__Exercise directions__: Transcribe the listing exactly as written. Leave the images out.

__Information shown__:
__________

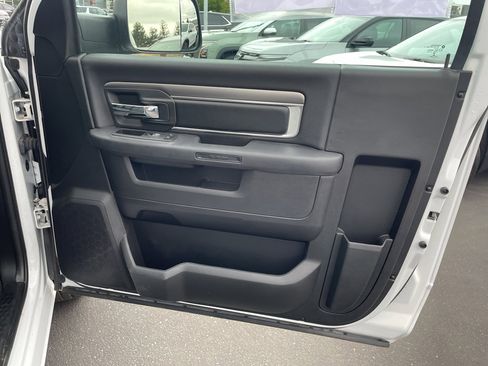 Used 2021 RAM 1500 Tradesman w/ Popular Equipment Group image 44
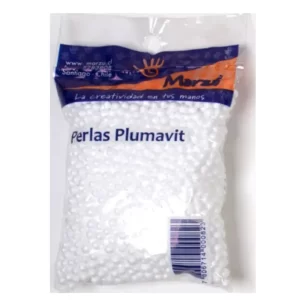 PERLAS PLUMAVIT MARZU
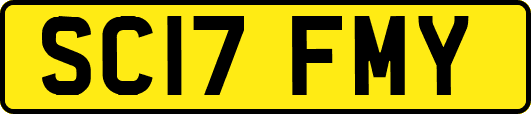 SC17FMY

__________

__The answer__:
 Used 2021 RAM 1500 Tradesman w/ Popular Equipment Group image 44
 PERLAS PLUMAVIT MARZU
 SC17FMY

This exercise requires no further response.